Required work>
Below are entries to reproduce exactly, apart from their pictures.

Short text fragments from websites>
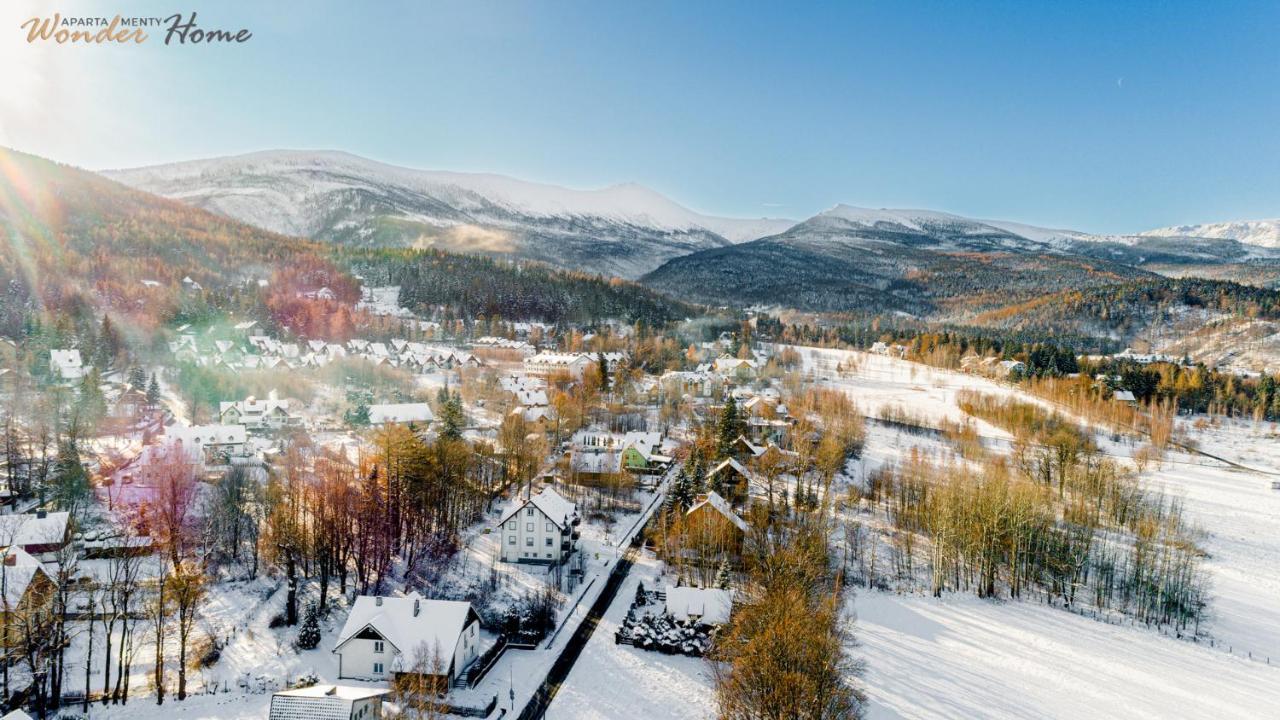 Wonder Home - Apartament Z Garazem, Ogrodkiem, Miejscem Na Grilla I Widokiem Na Karkonosze Karpacz Luaran gambar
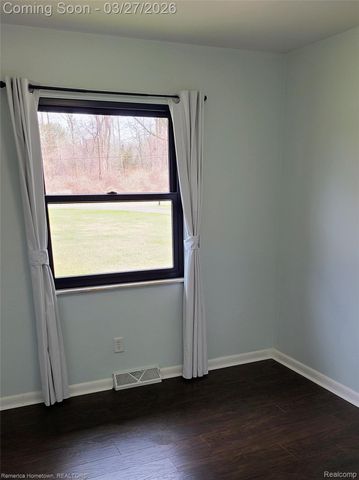 15131 Cortz Road, Summerfield Township, MI 49270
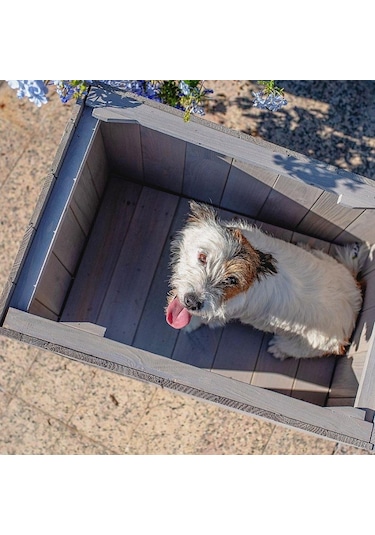 Ferplast Argo 60 Ahşap Köpek Kulübesi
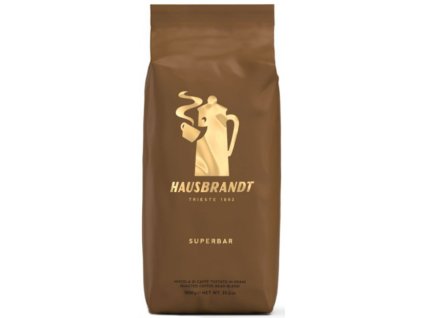 Hausbrandt Superbar, zrnková káva, 1 kg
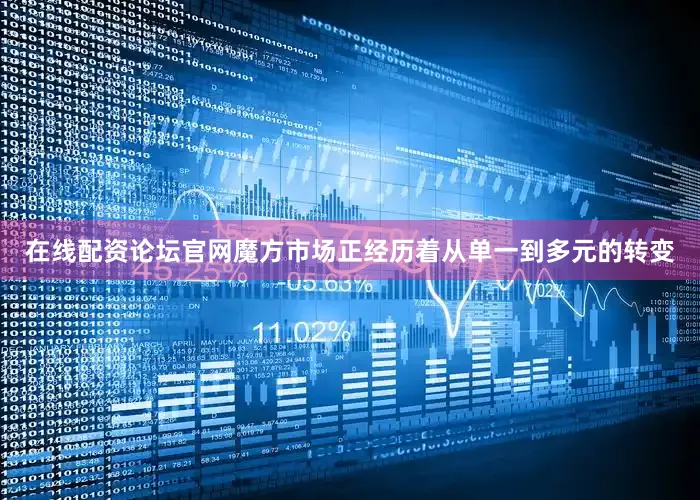 在线配资论坛官网魔方市场正经历着从单一到多元的转变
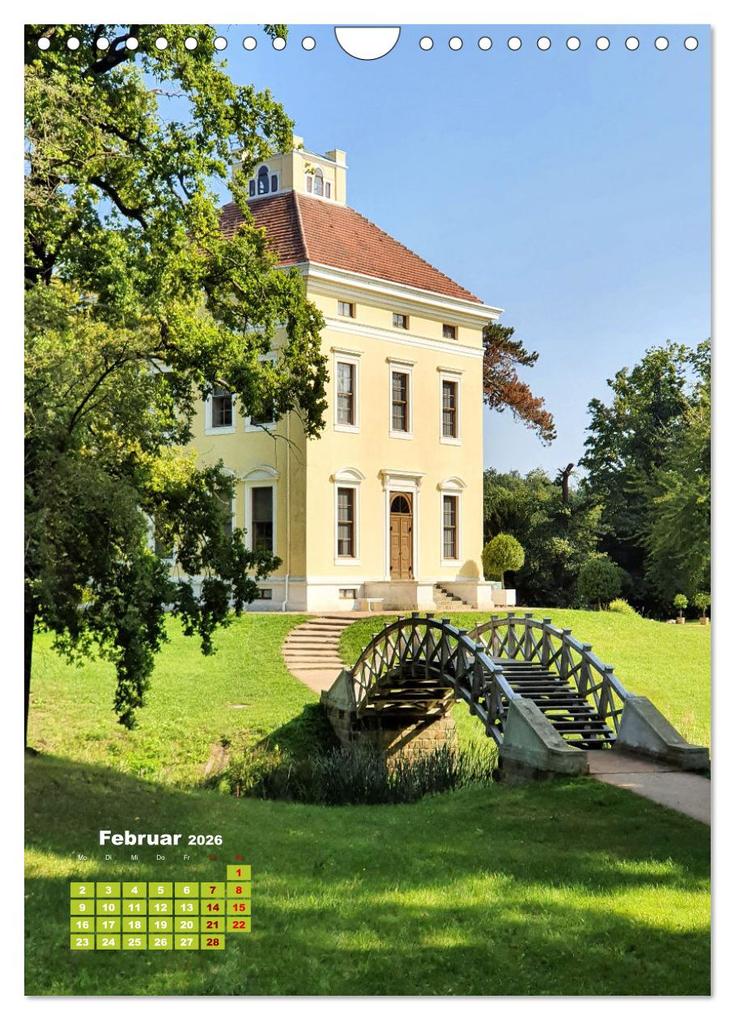 Weitere Ansicht: Wörlitzer Park und Luisium - Eine romantische Reise (Wandkalender 2026 DIN A4 hoch), CALVENDO Monatskalender | Gisela Kruse, Calvendo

Task response>
 Wonder Home - Apartament Z Garazem, Ogrodkiem, Miejscem Na Grilla I Widokiem Na Karkonosze Karpacz Luaran gambar
 15131 Cortz Road, Summerfield Township, MI 49270
 Ferplast Argo 60 Ahşap Köpek Kulübesi
 Hausbrandt Superbar, zrnková káva, 1 kg
 在线配资论坛官网魔方市场正经历着从单一到多元的转变
 Weitere Ansicht: Wörlitzer Park und Luisium - Eine romantische Reise (Wandkalender 2026 DIN A4 hoch), CALVENDO Monatskalender | Gisela Kruse, Calvendo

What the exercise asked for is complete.